Isso tudo ajudou os engenheiros a conceber o melhor plano possível para as ciclovias e ciclofaixas. Elas tinham que ser de boa qualidade – lisas e sem inclinações para os lados; tinham que chegar em algum lugar que fizesse sentido – seja outra ciclofaixa, seja uma estação de metrô com estacionamento para bicicletas -; e tinham que fazer sentido – por exemplo, não adiantava implementar uma ciclofaixa em ruas com pouca circulação de carros e ciclistas ou em ruas muito íngremes.
Com esse tipo de planejamento, é altamente improvável que você gaste dinheiro à toa. Com esse tipo de planejamento, as ciclovias e ciclofaixas das cidades de Copenhague e Amsterdã fizeram sentido para os seus habitantes; tornaram mais fácil e segura a locomoção em duas rodas; e fizeram disparar o número de pessoas que optaram por deixar o carro em casa e adotar a bicicleta para o dia-a-dia. E não pense você que o planejamento acabou – de jeito nenhum! A cidade de Copenhague utiliza 25% do orçamento destinado a rodovias somente na infraestrutura para bicicletas todos os anos. Isso criou, ao longo do tempo, quase 400km de ciclovias e ciclofaixas, além de mais de 35.000 estações de estacionamento para bicicletas. E estão sempre inovando, como com o chamado green wave. Com essa inovação, os semáforos para bicicletas são sincronizados com os semáforos de carros de modo a permitir que o ciclista viaje a uma velocidade constante de 20km/h sem precisar parar por até 6km. É de cair uma lágrima.
Sim, os ciclistas são muito bem tratados nas paragens dinamarquesas. Mas isso não significa que estão livres para fazer o que bem entenderem. O que nos leva ao próximo ponto.
Existem regras, e o ciclista é punido se não segui-las
Não adianta nada reconhecer a bicicleta como meio de transporte e criar espaço para ela sem criar uma legislação específica para o seu uso. Como o ciclista deve se comportar ao atravessar a rua, que tipo de sinalização deve utilizar, em que faixa deve trafegar, e muitas outras questões destinadas não só para ciclistas, mas também para carros que vão compartilhar espaço com eles, devem ser contempladas e aplicadas na legislação de trânsito de uma cidade que quer levar a bicicleta a sério. E esse é o caso tanto de Amsterdã como de Copenhague. Nas duas cidades, essa legislação existe e é aplicada rigorosamente.

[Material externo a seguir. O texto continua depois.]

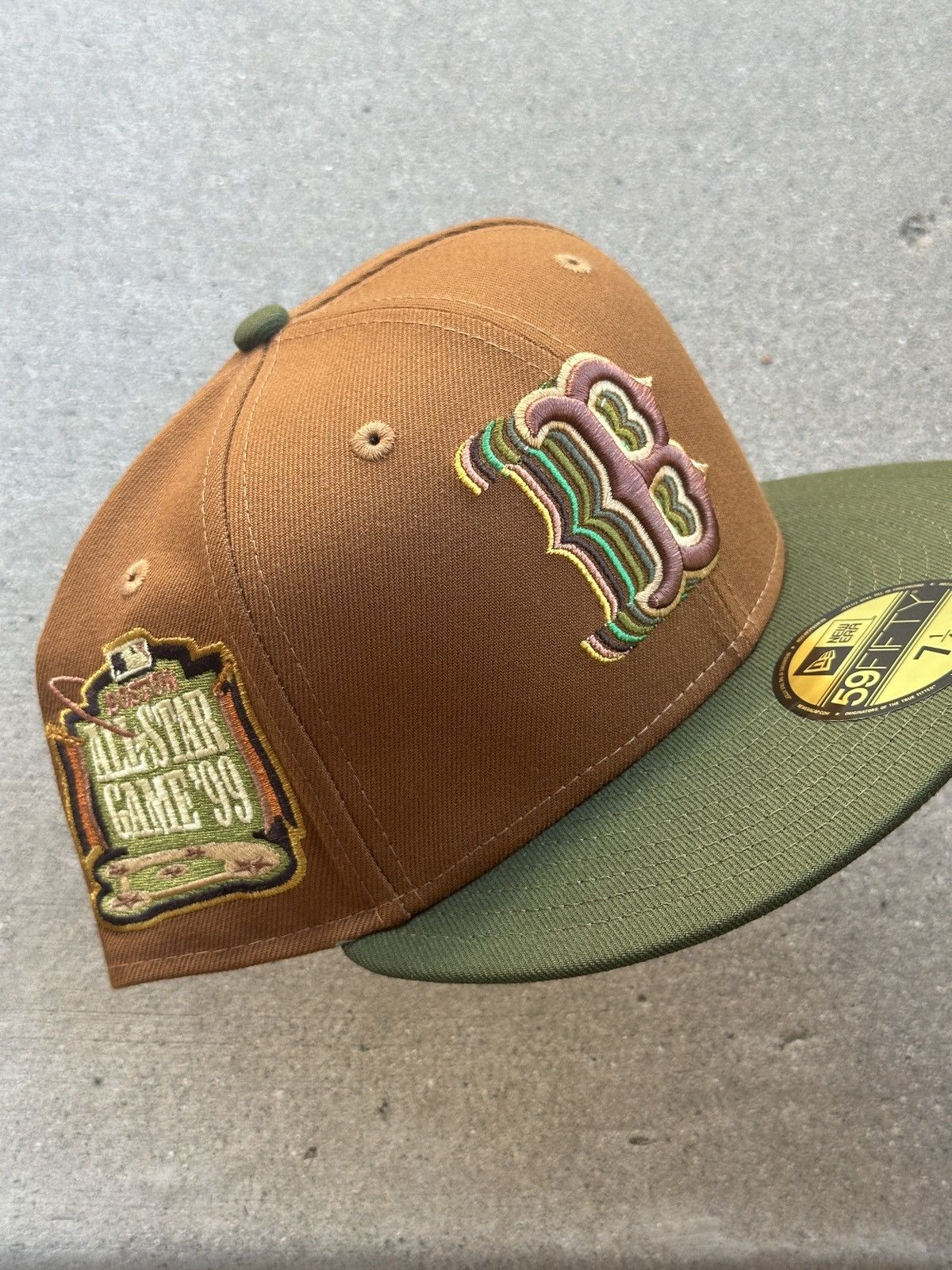 MLB × MyFitteds × New Era Boston Red Sox Barret Wallace Final Fantasy VII Fitted 7 1/4 Size ONE SIZE - 1 Thumbnail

Ciclistas são multados por circular onde não devem ou por não ter uma luzinha de bicicleta ao trafegar à noite, por exemplo. As crianças aprendem na escola logo cedo como devem se comportar no trânsito, tanto em um carro como em uma bicicleta. As pessoas entendem que carros, bicicletas, ônibus, trens e motos são todos meios de transporte que devem compartilhar um espaço. O governo tem a responsabilidade e a função prática de garantir que esse espaço acomode todo mundo em segurança. Mas você também tem que fazer a sua parte. Isso envolve pensar além do próprio umbigo. Como esse pode ser um exercício difícil para muitas pessoas, é aí que entra a punição. E é assim que as pessoas se conscientizam.
Com tudo isso, você deve estar pensando: poxa, mas é uma questão cultural, sim! As pessoas gostam de bicicletas por lá desde sempre, por isso foi tão fácil largar o carro assim que as coisas começaram a ficar boas para o ciclista! Você pode duvidar, mas o apelo do automóvel é tão forte nesses países como o é por aqui. Todo mundo adora um carro. E é por isso que para que a adesão à bicicleta ocorresse em massa o governo teve que dar mais uma mãozinha. Basicamente…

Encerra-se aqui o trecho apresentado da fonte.